*WHAT IS BEING ASKED*
The lines from the top of the listing through the one containing "Road Sign Warning Two Way Traffic" are to be retyped exactly, with no other lines.

*DATA IN THIS EXERCISE*
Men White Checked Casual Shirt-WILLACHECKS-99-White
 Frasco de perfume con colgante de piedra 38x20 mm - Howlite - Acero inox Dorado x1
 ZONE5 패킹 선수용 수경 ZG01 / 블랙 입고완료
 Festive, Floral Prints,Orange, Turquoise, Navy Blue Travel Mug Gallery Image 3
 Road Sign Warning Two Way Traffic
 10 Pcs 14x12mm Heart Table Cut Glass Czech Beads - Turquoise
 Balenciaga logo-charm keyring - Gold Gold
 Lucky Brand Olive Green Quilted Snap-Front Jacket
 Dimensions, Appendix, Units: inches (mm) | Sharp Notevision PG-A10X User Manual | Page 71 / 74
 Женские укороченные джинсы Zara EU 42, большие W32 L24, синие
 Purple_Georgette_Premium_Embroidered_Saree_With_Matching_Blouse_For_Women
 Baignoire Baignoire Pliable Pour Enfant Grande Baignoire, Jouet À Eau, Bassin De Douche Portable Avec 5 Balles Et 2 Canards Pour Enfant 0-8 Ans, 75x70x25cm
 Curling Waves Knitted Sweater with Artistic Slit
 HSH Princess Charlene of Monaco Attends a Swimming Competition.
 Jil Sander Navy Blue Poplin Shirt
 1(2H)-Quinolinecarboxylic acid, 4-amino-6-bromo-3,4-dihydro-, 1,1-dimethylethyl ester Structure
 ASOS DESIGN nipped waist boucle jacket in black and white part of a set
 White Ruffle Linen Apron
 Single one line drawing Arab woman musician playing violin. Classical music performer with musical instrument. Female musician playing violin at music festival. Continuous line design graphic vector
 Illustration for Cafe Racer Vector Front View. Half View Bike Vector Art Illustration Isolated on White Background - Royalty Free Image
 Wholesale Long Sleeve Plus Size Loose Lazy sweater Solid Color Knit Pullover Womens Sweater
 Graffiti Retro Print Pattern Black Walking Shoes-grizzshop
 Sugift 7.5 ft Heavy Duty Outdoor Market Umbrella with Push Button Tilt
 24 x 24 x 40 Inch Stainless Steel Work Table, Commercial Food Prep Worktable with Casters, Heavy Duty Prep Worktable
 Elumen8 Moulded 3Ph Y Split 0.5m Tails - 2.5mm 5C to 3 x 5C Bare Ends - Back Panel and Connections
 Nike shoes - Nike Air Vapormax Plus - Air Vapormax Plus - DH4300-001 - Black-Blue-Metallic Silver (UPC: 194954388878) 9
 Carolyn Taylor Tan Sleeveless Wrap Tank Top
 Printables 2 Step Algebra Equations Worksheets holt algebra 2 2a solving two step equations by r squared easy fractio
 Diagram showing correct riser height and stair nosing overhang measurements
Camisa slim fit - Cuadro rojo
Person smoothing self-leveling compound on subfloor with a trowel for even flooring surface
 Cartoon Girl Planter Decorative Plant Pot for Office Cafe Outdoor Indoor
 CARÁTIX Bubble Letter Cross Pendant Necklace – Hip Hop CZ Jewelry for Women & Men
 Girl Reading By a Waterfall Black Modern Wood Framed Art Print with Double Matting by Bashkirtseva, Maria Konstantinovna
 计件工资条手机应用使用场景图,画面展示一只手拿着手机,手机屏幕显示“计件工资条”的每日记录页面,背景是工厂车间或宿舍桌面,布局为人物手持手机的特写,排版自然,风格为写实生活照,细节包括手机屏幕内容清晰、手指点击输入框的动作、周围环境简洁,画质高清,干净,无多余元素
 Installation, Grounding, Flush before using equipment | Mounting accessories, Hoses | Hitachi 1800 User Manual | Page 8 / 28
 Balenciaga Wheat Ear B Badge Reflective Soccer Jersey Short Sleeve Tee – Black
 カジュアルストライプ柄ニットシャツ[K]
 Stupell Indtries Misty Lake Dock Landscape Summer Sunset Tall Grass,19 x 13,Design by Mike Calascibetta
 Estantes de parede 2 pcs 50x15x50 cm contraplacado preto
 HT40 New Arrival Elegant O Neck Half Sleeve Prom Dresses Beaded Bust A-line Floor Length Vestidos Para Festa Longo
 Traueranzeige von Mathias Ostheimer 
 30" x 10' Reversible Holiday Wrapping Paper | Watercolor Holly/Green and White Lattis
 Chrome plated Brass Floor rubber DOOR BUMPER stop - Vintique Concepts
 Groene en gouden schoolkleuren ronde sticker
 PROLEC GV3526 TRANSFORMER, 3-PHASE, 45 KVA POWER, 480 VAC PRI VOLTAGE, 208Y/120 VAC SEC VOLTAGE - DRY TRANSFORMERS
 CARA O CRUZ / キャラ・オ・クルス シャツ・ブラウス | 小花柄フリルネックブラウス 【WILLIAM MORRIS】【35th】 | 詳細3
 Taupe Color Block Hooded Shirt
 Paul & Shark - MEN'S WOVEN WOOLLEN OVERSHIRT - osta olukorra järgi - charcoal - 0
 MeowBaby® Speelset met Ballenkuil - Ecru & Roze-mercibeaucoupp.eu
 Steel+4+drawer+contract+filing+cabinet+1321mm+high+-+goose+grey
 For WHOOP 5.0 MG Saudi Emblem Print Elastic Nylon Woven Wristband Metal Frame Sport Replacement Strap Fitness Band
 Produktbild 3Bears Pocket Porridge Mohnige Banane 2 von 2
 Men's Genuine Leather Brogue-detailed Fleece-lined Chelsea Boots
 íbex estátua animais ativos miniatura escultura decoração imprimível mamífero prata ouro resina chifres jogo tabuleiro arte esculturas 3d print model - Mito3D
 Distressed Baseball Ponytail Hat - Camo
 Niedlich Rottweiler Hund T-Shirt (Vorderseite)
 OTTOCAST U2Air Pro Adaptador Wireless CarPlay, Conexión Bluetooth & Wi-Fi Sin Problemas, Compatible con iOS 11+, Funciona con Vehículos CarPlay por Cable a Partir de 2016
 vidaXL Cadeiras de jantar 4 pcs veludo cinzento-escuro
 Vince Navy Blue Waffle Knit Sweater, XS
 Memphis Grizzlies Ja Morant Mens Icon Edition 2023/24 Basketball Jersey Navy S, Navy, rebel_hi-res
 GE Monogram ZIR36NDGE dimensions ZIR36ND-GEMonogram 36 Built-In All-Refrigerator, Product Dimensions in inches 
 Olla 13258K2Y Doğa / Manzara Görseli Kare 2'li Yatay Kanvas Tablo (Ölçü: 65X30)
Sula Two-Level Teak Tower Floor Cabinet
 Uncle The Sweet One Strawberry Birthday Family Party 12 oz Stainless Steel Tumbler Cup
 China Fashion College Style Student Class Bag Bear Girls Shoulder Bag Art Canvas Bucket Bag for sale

*SOLVED PROBLEM*
Men White Checked Casual Shirt-WILLACHECKS-99-White
 Frasco de perfume con colgante de piedra 38x20 mm - Howlite - Acero inox Dorado x1
 ZONE5 패킹 선수용 수경 ZG01 / 블랙 입고완료
 Festive, Floral Prints,Orange, Turquoise, Navy Blue Travel Mug Gallery Image 3
 Road Sign Warning Two Way Traffic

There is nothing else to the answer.